27    As to the prejudice to the respondents, Mr Youssef submitted that an individual ought not to be vexed by the same proceedings all over again by parties that have not paid his costs of the Former Proceedings, are hopelessly impecunious, and are unable or unwilling to comply with Court orders or the Rules and to prosecute their claims consistently with the dictates of ss 37M-37N of the FCA Act. Mr Youssef submitted further that his costs of the present proceedings are likely to be exacerbated by what he submits is the unreasonable conduct of Sunshine Energy in serving over 4000 pages of material on Mr Youssef’s solicitors in support of this application, none of which appear to have any relevance to the application: Aff-RDW at [25]-[27]. I observe that this material was not put before the Court by Sunshine Energy in support of its application and so I infer it was not in fact relevant to the application.

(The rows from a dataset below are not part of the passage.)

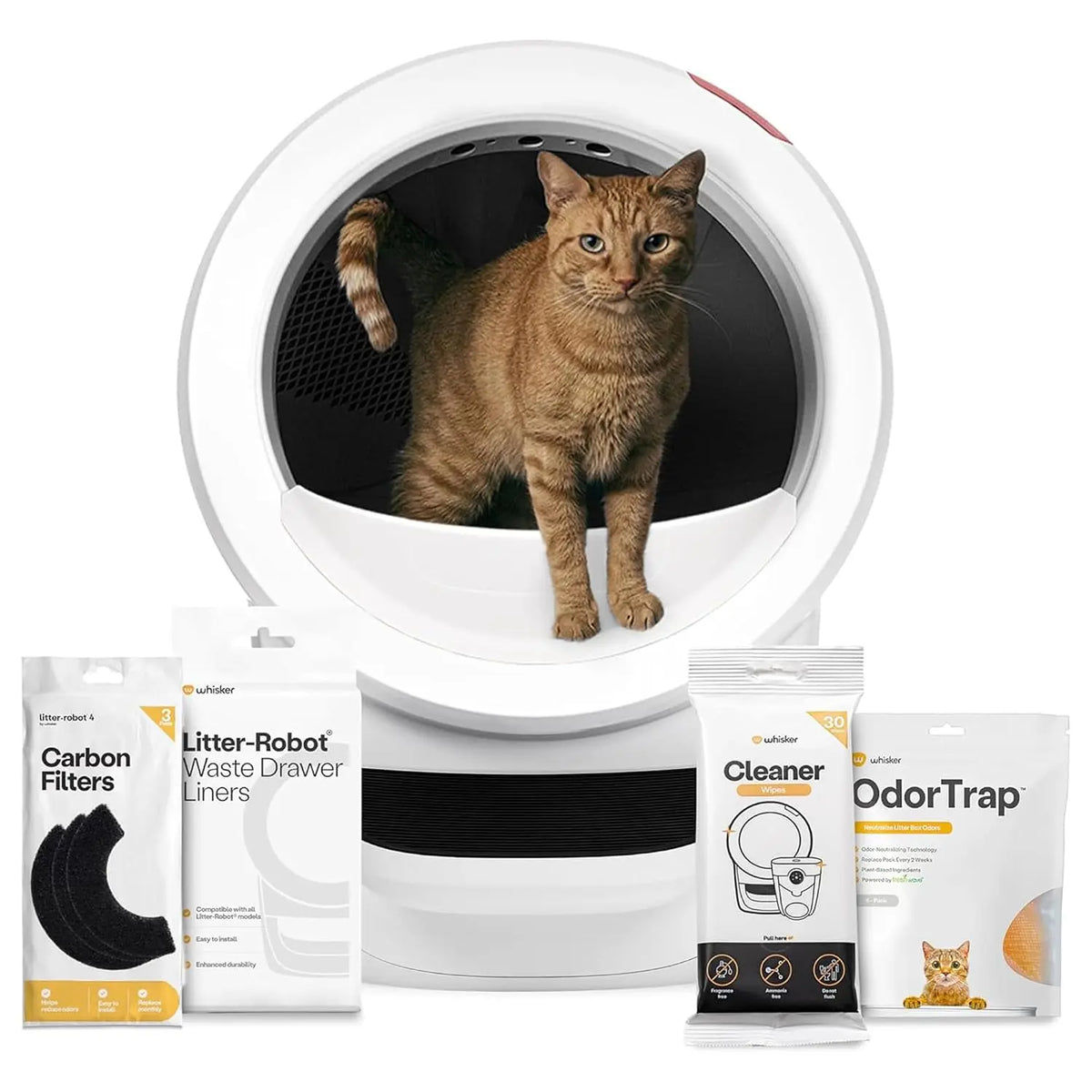 Large Automatic Self-Cleaning Cat Litter Box Supply Bundle, With OdorTrap Refills & Multi Accessories, Custom
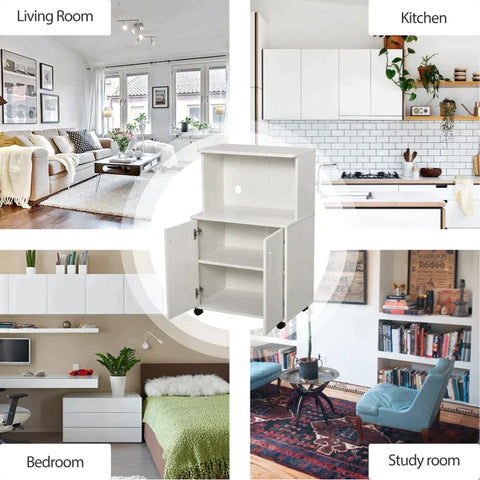 Rootz Kitchen Cabinet - Kitchen Storage Unit - Modern Microwave Stand Trolley Cart - Sideboard with Cabinet - Locking Wheels - Shelf for Living Room - Dining Room - White - 24" x 16" x 38"
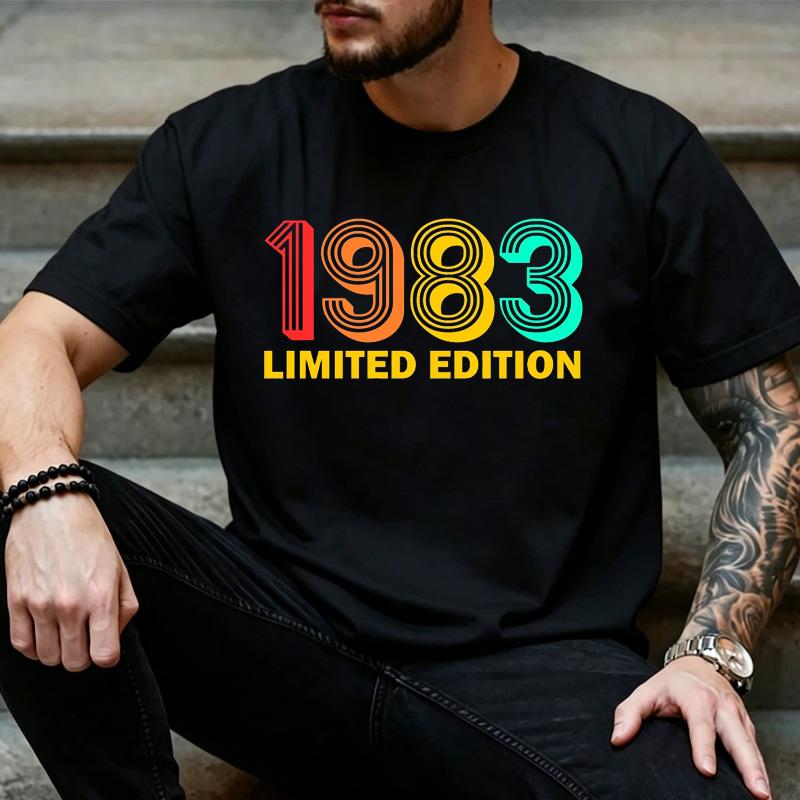 Retro Rainbow Line Spiral 1983 Limited Edition Graphic T Shirt Unisex 40th Birthday Casual Short Sleeve Street Tee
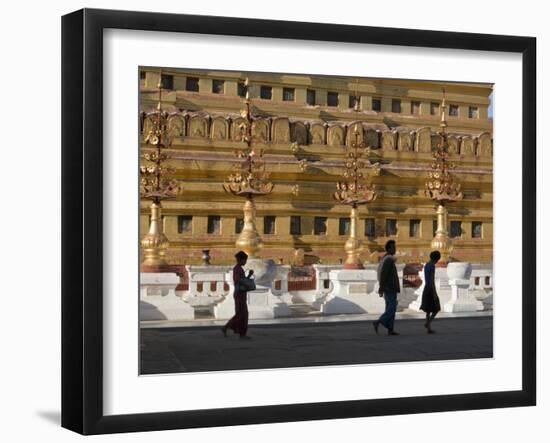 Visitors to the Buddhist Temples of Bagan, Myanmar (Burma)-Julio Etchart-Framed Photographic Print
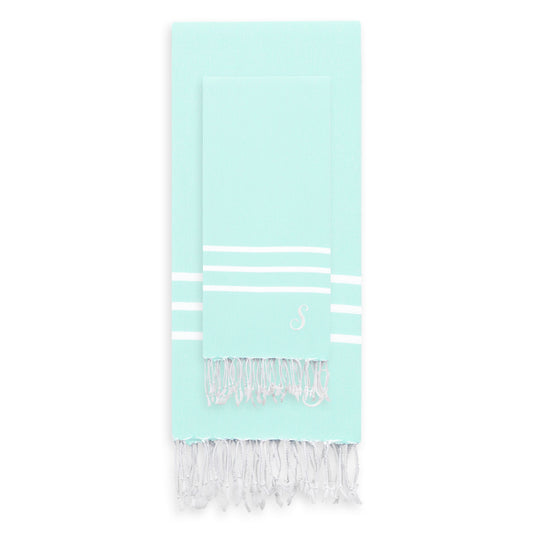 Linum Home Authentic Ella Soft Aqua Monogrammed Pestemal Fouta Turkish Cotton Beach and Head Towel Set (Set of 2) S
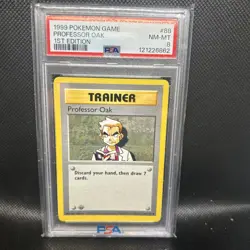 1999 Pokemon Base Set 1st Edition Professor Oak Trainer #88 PSA-8 NM/MT! - Image 1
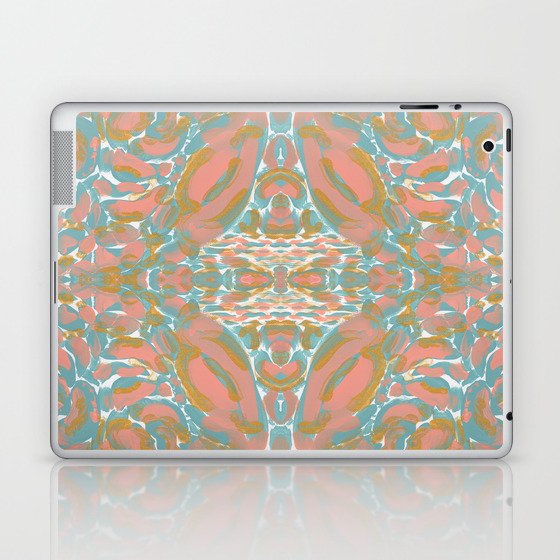 Teal and Gold, Abstract Painting Laptop & iPad Skin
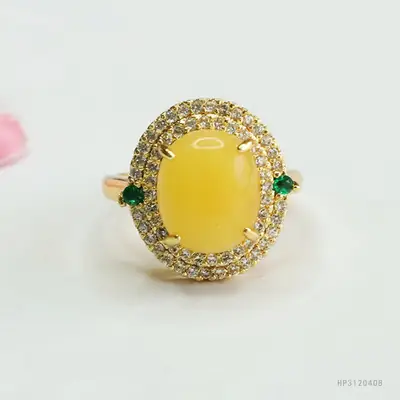 Guan Yu Natural Amber Ring with Green Stones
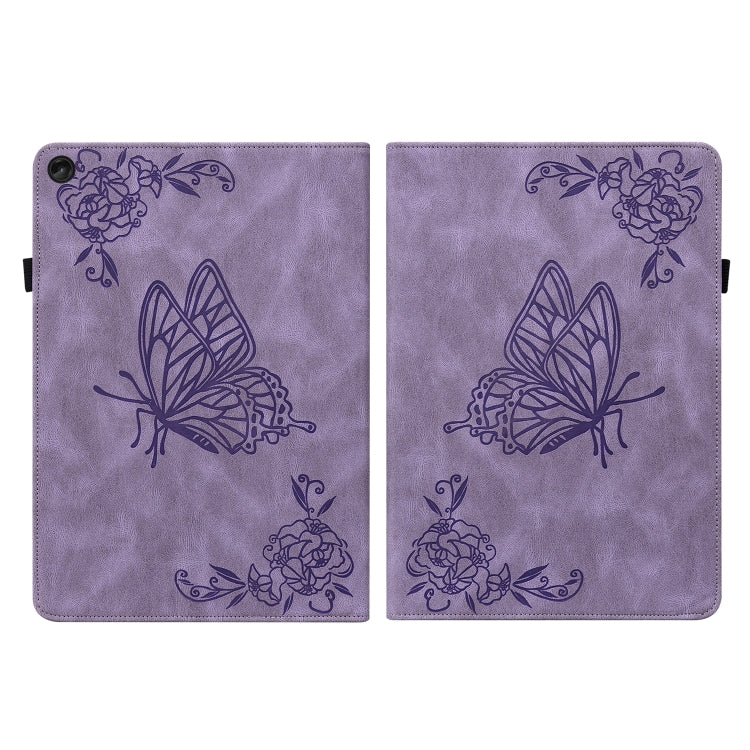 For Lenovo Tab M10 10.1 3rd Gen Butterfly Flower Embossed Leather Tablet Case(Purple)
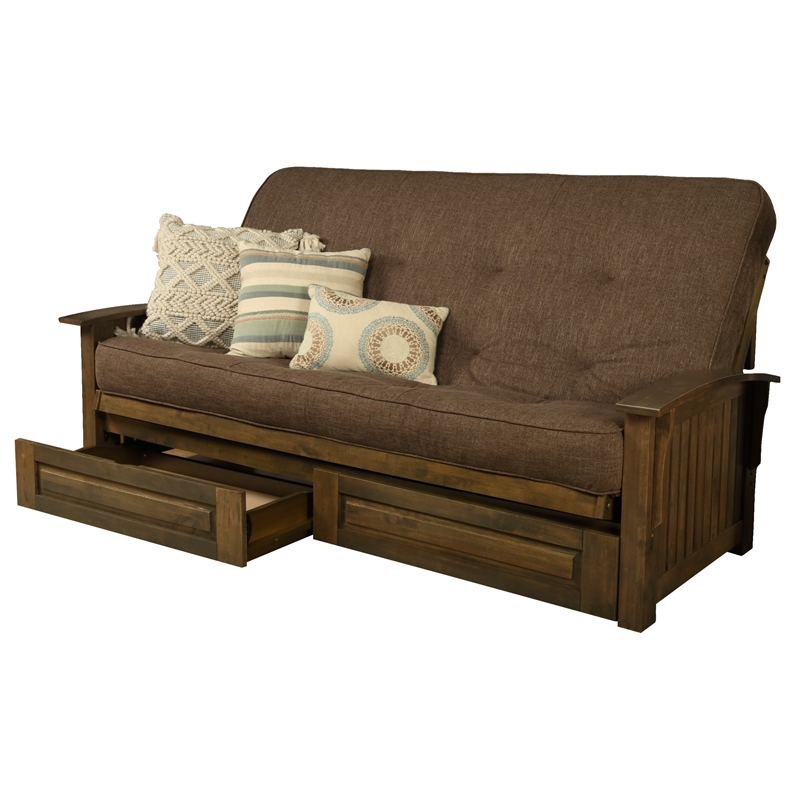 Carell Furniture Queen-size Wood Storage Futon-Linen Cocoa Mattress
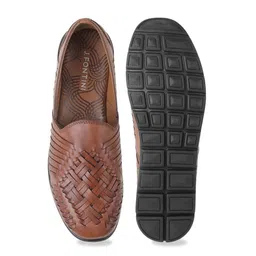 J.FONTINI Men Woven Design Leather Slip-On Sneakers image 5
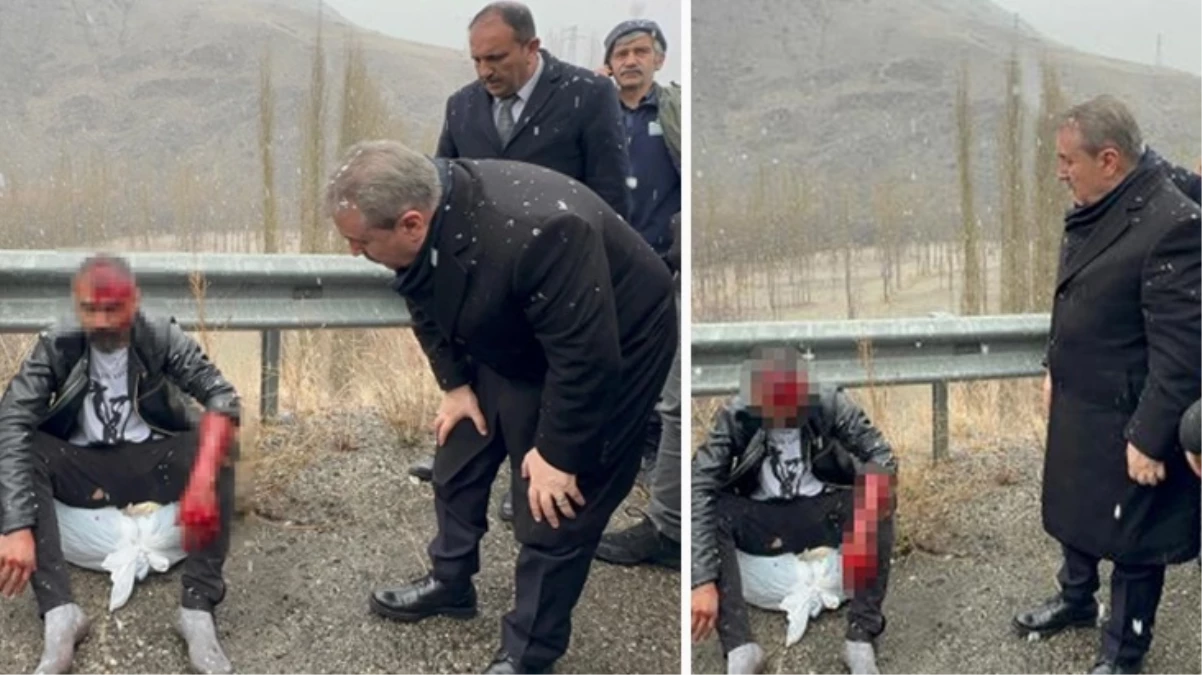 BBP lideri Destici kazada yaralanan tır şoförüne yardım etti
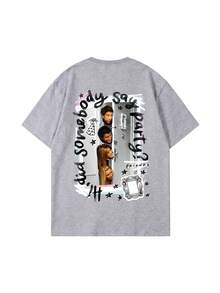 SHEIN X FRIENDS Summer Women Grey Double Sided Door Character Graffiti Letter Print Loose Casual Short Sleeve Tee - Light Grey - View 5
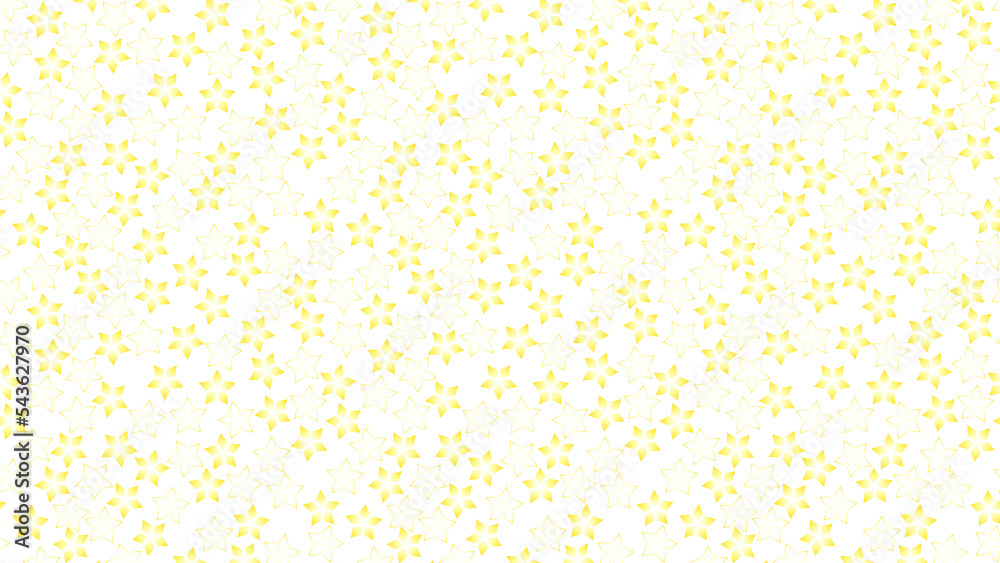 黄色い星型の花模様　16：9　PNG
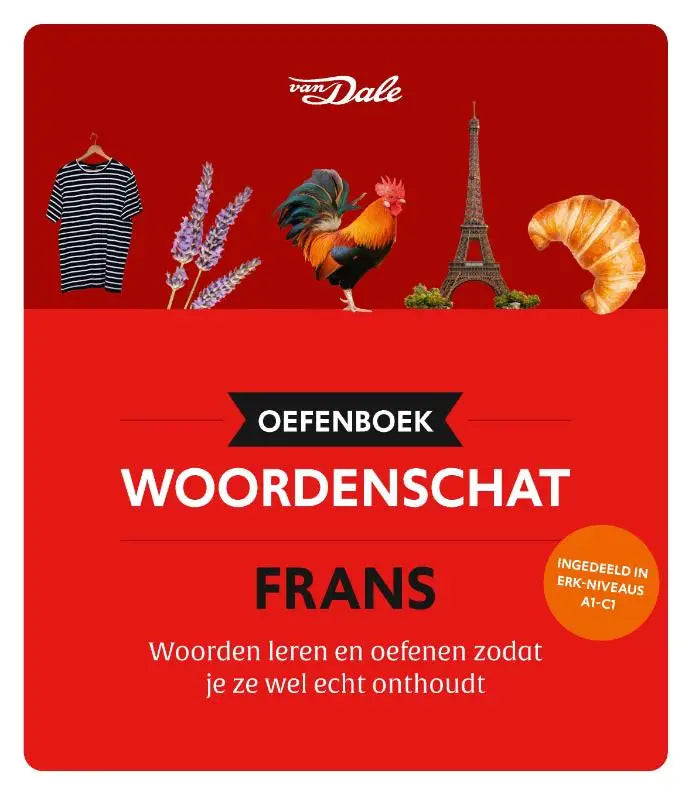 Rood van dale oefenboek woordenschat frans met illustraties van gestreept shirt lavendel haan eiffeltoren en croissant
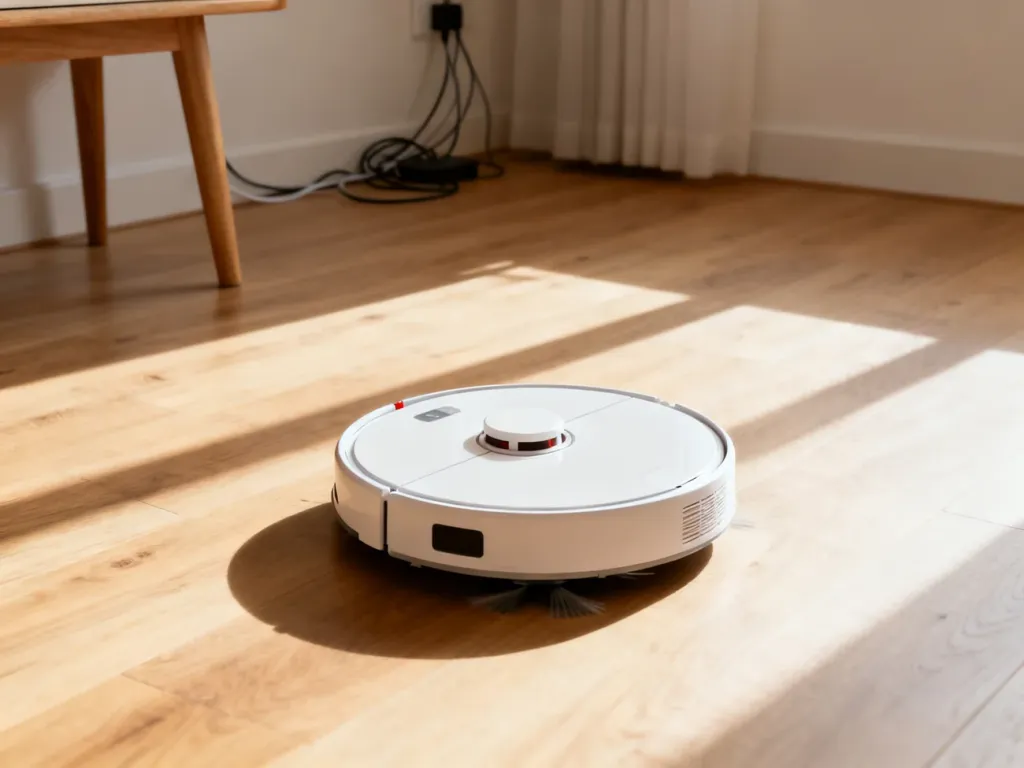 Okrągły robot sprzątający na czystej, drewnianej podłodze w uporządkowanym salonie przygotowanym do automatycznego sprzątania.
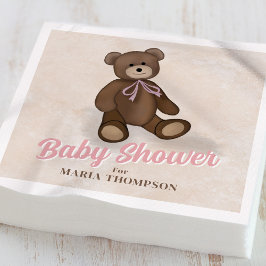 Guardanapo De Papel Chá de fraldas Personalizado do Urso de Teddy Rosa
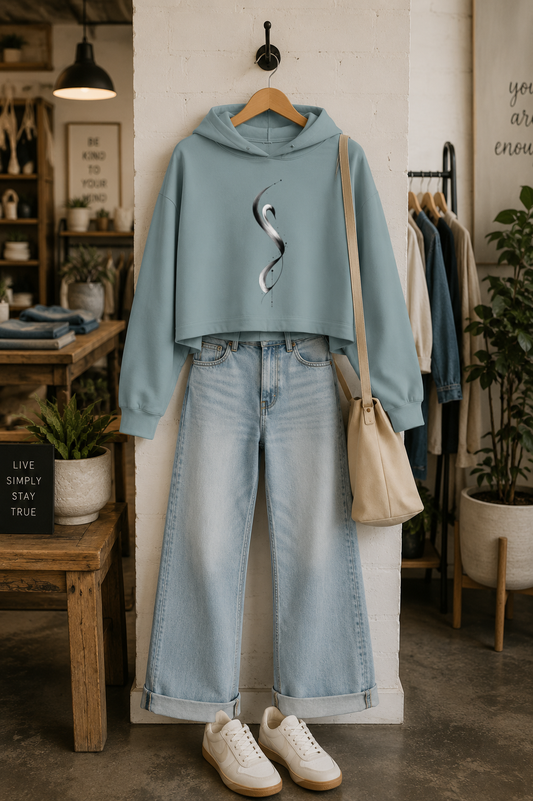Stillness Cropped Hooded Sweatshirt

28    The prejudice to Mr Youssef was explained in Sunshine Energy at [37]-[40]. I do not propose to repeat those observations. There is no material change to the nature of the prejudice suffered by Mr Youssef.

29    As to Harlin, it was submitted, and I accept, that the reputational risk to a company with a claim against it of $66.5 million is significant. I also accept the evidence as to the negative of impact of the litigation on Harlin’s engagement with financiers, off-takers and contractors for the Project, and that it is impeding communication between Harlin and Somerset Regional Council: First JH-Aff at [34]-[38] and [39]-[42].

30    As to the prejudice to Sunshine Energy in not granting leave, I am acutely aware that it would be a grave matter to preclude Sunshine Energy from bringing what it maintains are proper and significant claims against the respondents. I am equally concerned, however, that Sunshine Energy has had every opportunity to “put its house in order” before commencing the present proceedings. It did not. It has not complied with previous orders, nor has it complied with the Rules in commencing these proceedings. Mr Youssef and Harlin continue to suffer the prejudice of defending a $66.5 million claim against them in circumstances where the pleading is deficient and the manner in which the proceedings are being conducted is beset with unnecessary processes which are increasing the irrecoverable costs of the respondents. Further, in circumstances where Sunshine Energy has not provided the security which it was ordered to provide, and which it accepts must be forthcoming, and where no reasonable prospect of that security ever being provided has been established, I am not persuaded that leave should be granted to Sunshine Energy to claim in these proceedings the same relief claimed against Mr Youssef and Harlin in the Former Proceedings.

31    Nevertheless, I do not consider it appropriate that Sunshine Energy be shut out for all time from making a proper claim.

Disposition

32    The Interlocutory Application is dismissed. Sunshine Energy is to pay Mr Youssef’s costs of the Former Proceedings in a lump sum of $138,000. Sunshine Energy to is to pay Harlin’s costs in a lump sum of $140,599.71 being the sum of $66,000 in respect of the Former proceedings and the balance in respect of these proceedings.

33    I will grant Sunshine Energy leave to claim the same relief in new proceedings upon the condition that Sunshine Energy provide security for the costs of each of Mr Youssef’s and Harlin’s costs in the sums of $350,000 and $337,800 respectively by payment of funds into Court or by providing a bank guarantee in a form acceptable to the Queensland District Registrar and on condition of payment of Mr Youssef’s and Harlin’s costs as ordered above.

I certify that the preceding thirty-three (33) numbered paragraphs are a true copy of the Reasons for Judgment of the Honourable Justice Sarah C Derrington.